Although it is sometimes described with reverence, Bayesian inference isn’t magic or mystical. And even though the math under the hood can get dense, the concepts behind it are completely accessible. In brief, Bayesian inference lets you draw stronger conclusions from your data by folding in what you already know about the answer.
Bayesian inference is based on the ideas of Thomas Bayes, a nonconformist Presbyterian minister in London about 300 years ago. He wrote two books, one on theology, and one on probability. His work included his now famous Bayes Theorem in raw form, which has since been applied to the problem of inference, the technical term for educated guessing. The popularity of Bayes' ideas was aided immeasurably by another minister, Richard Price. He saw their significance, refined them and published them. It would be more accurate and historically just to call Bayes' Theorem the Bayes-Price Rule.
Imagine you are at the movies and a fellow moviegoer drops their ticket. You want to get their attention. This is what they look like from behind. You can’t tell their gender, only that they have long hair. Do you call out “Excuse me ma’am!” or “Excuse me sir!” Given what you know about men’s and women’s hairstyles in your area, you might assume that this is a woman. (In this oversimplification, there are only two hair lengths and genders.)
Now consider a variation of the situation where this person is standing in line for the men’s restroom. With this additional piece of information, you would probably assume that this is a man. This use of common sense and background knowledge is something that we do without thinking. Bayesian inference is a way to capture this in math so that we can make more accurate predictions.
To put numbers to our cinema dilemma, let’s assume that there are about half men and half women at the theater. Out of 100 people, 50 are men, 50 are women. Out of the women, half have long hair (25) and the other 25 have short hair. Out of the men, 48 have short hair and 2 have long hair. Since there are 25 long haired women and 2 long haired men, guessing that the ticket owner is a woman is a safe bet.
Out of 100 people in the men’s restroom line, however, there are 98 men and two women keeping their partners company. Half the women still have long hair and half have short hair, but here there are just one of each. The proportions of men with long and short hair are the same too, but since there are 98 of them, there are now 94 with short hair and 4 with long. Since there is 1 woman with long hair and four men, now the safe bet is that the ticket owner is a man. This is a concrete example of the principle underlying Bayesian inference. Knowing a key piece of information beforehand - that the ticket owner is in the men’s restroom line - allows us to make a better prediction about them.
To clearly talk about Bayesian inference, it is worth our time to really clearly define our ideas. Unfortunately, this requires using math. We’ll avoid going deeper than we have to, but stick with me for a few more paragraphs and it will pay off. To lay our foundation, we need to quickly mention four concepts: probabilities, conditional probabilities, joint probabilities and marginal probabilities.

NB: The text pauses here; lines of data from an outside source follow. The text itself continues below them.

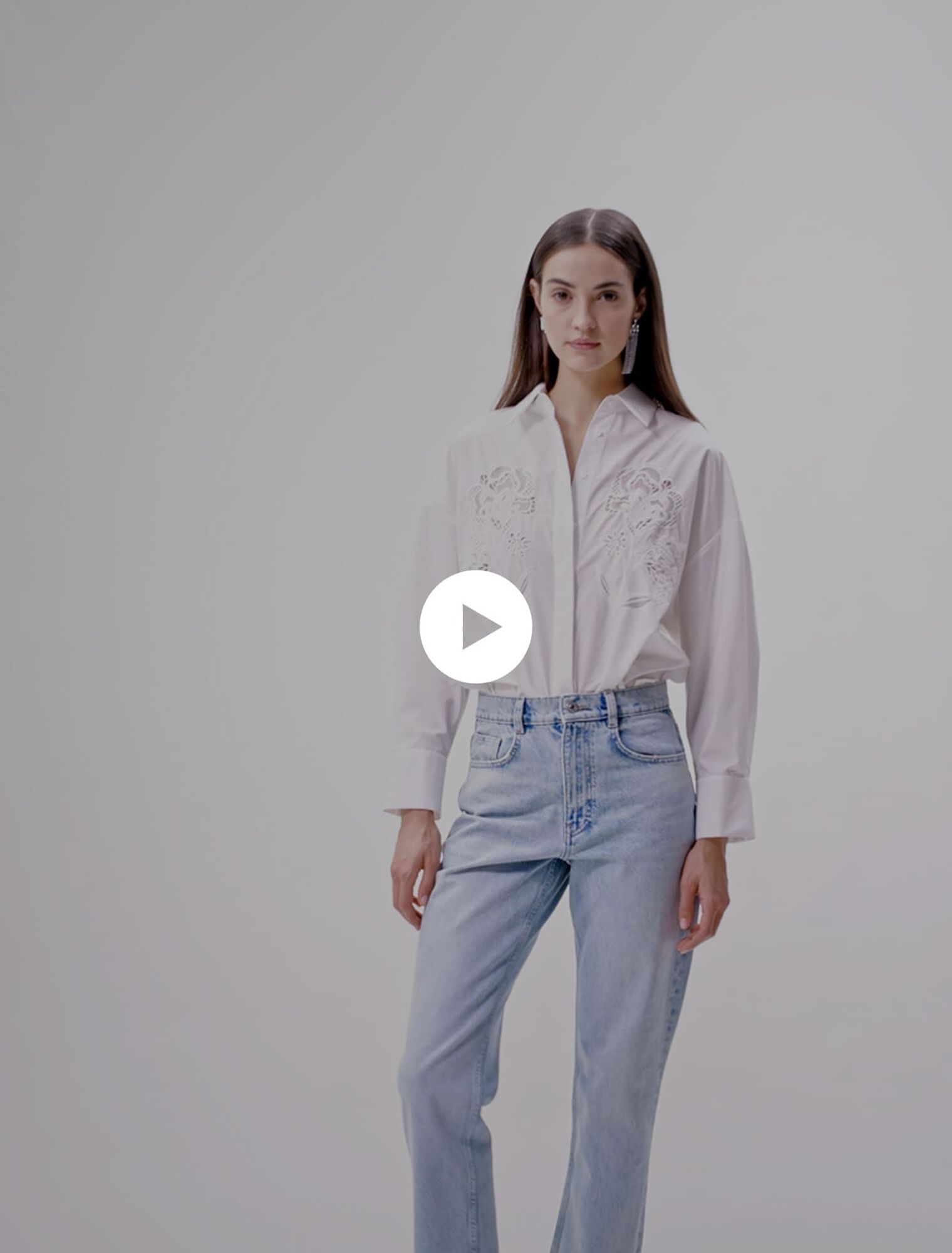 Crochet poplin shirt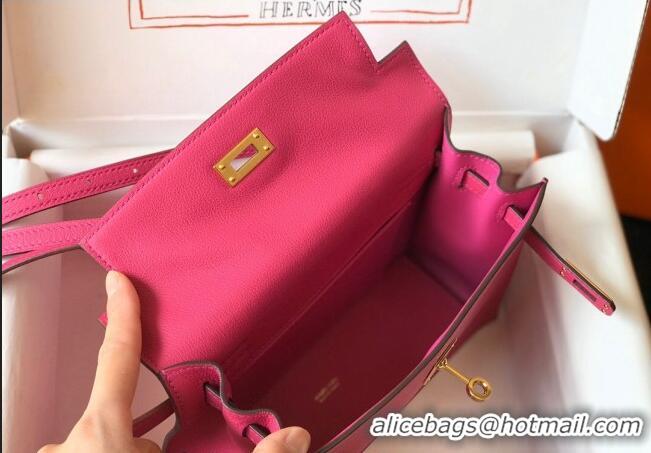 Promotional Hermes Kelly Danse Bag 22cm in Evercolor Leather H1501 Fushcia Pink (Half Handmade)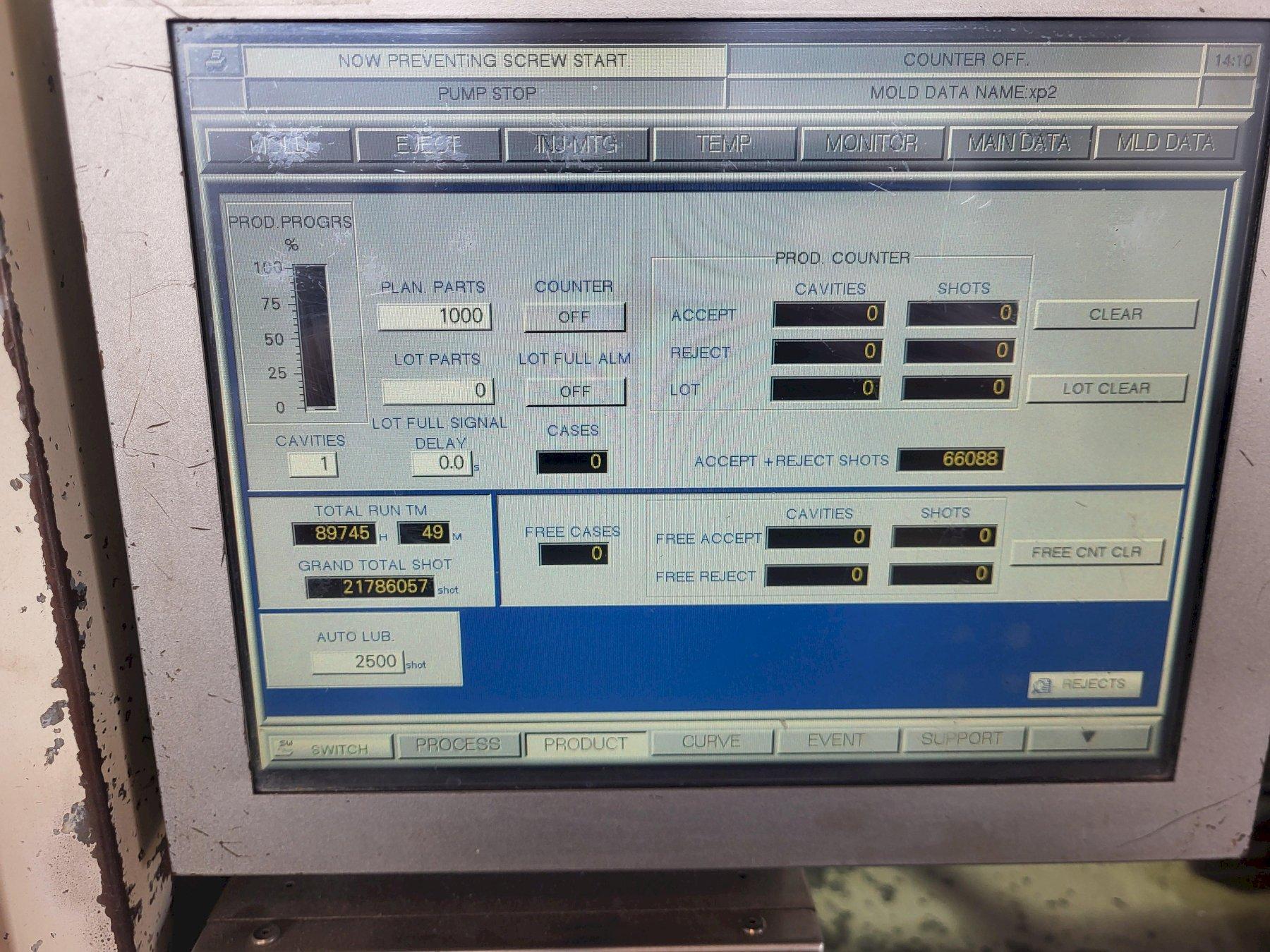 Nissei Used NS40-5A Injection Molding Machine, 44 US Ton, 2.2 oz., 460V, yr. 2004/05 (2) Available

The probability of a thing happening is the number of ways that thing can happen divided by the total number of things that can happen. The probability that a moviegoer is a woman is 50 women divided by 100 moviegoers, .5 or 50%. The same holds for men.
The situation in men’s restroom line breaks down to .02 for women, .98 for men.
Conditional probabilities answer the question “If I know that a person is a woman, what is the probability that she has long hair?” Conditional probabilities are calculated the same way as straight probabilities, but they just look at a subset of all the examples - those meeting a certain condition. In this case, P(long hair | woman), the conditional probability that someone has long hair, given that she is a woman, is the number of women with long hair, divided by the total number of women. This turns out to be .5, whether we are considering the men’s restroom line, or the theater overall.
By the same math, the conditional probability that someone has long hair, given that he is a man, P(long hair | man), is .96, whether or not they are in line.
An important thing to remember about conditional probabilities is that P(A | B) is not the same as P(B | A). For example, P(cute | puppy) is different than P(puppy | cute). If the thing I’m holding is a puppy, the probability it is cute is very high. If the thing I’m holding is cute, the probability it is a puppy is only medium-low. It might also be kitten, a bunny, a hedgehog or even a tiny human.
Joint probabilities are useful for answering the question, “What is the probability that someone is a woman with short hair?” Finding this is a two-step process. First, we focus on the probability that someone is a woman, P(woman). Then, we bring in the probability that someone has short hair, given that she is a woman, P(short hair | woman). Combining these by multiplication gives the joint probability, P(woman with short hair) = P(woman) * P(short hair | woman). Using this approach, we can calculate what we already knew--that P(woman with long hair) among all moviegoers is .25, but that P(woman with long hair) in the men’s restroom line is .01. These are different because P(woman) is different in these two cases.
Similarly, P(man with long hair) is .02 among all moviegoers, but .04 in the men’s restroom line.
Unlike conditional probabilities, joint probabilities don’t care about order. P(A and B) is the same as P(B and A). The probability that I am having milk and a jelly donut is the same as the probability that I am having a jelly donut and milk.
The last stop on our fundamentals tour is marginal probabilities. These are useful for answering the question “What is the probability that someone has long hair?” To find this, we have to add up the probabilities for all the different ways this could happen - the probability of being a man with long hair plus the probability of being a woman with long hair. Adding up those two joint probabilities gives us P(long hair) of .27 for moviegoers generally, but .05 in the men’s restroom line.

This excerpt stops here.